Happy Sunday! Today’s essay is a (Paul Hollywood voice) underbaked, over-proved exploration of my relationship with desire, tradeoffs, and Instagram’s role in it all. I hope your thoughts are perfectly baked and sufficiently proved, but whatever state they’re in, I’d love to hear them.
Last year, Mike and I went to Argentina to celebrate the wedding of one of my oldest friends. Pregnant, I treated the trip like it might be my last for a while: we stood in line at a famous parilla where they serve you wine on the sidewalk; we ate anchovies and shrimps for lunch; we stayed late at bars discussing which patrons we thought were the hottest. But the best thing we did was tour the city’s world-renowned opera house, el Teatro Colón.
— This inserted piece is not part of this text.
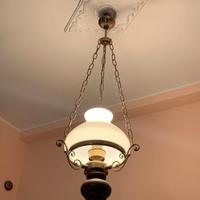 Lampadario a sospensione in vetro latte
As we circled the theater’s ornate atrium, our guide explained that at the height of culture, this atrium was the place to see and be seen. The architecture, she told us, was designed to maximize how many people you could see from any given spot: the central staircase flanked by wide spaces for mingling, encircled by a broad second-level balcony. True of many grand opera house architectural structures, I imagine.
She went on to say that this design led to a noteworthy but not entirely unintended effect: when you bought a dope new gown or inherited an elaborate satin cloak, you’d wear it here to make everyone else in high society jealous. When you got engaged, you’d make sure to waltz through the atrium with your man on your arm so that everyone would know, you know, what was up. In other words, she said, “this atrium was the Instagram of the early 1900s—it was how you showed off how much you were killing it to the rest of society.”
This idea stuck with me, because (fast-forward back to the present day) I no longer go to the atrium. That is, I’ve stopped looking at Instagram. Why? Because I already want so much—and the atrium only makes me want more.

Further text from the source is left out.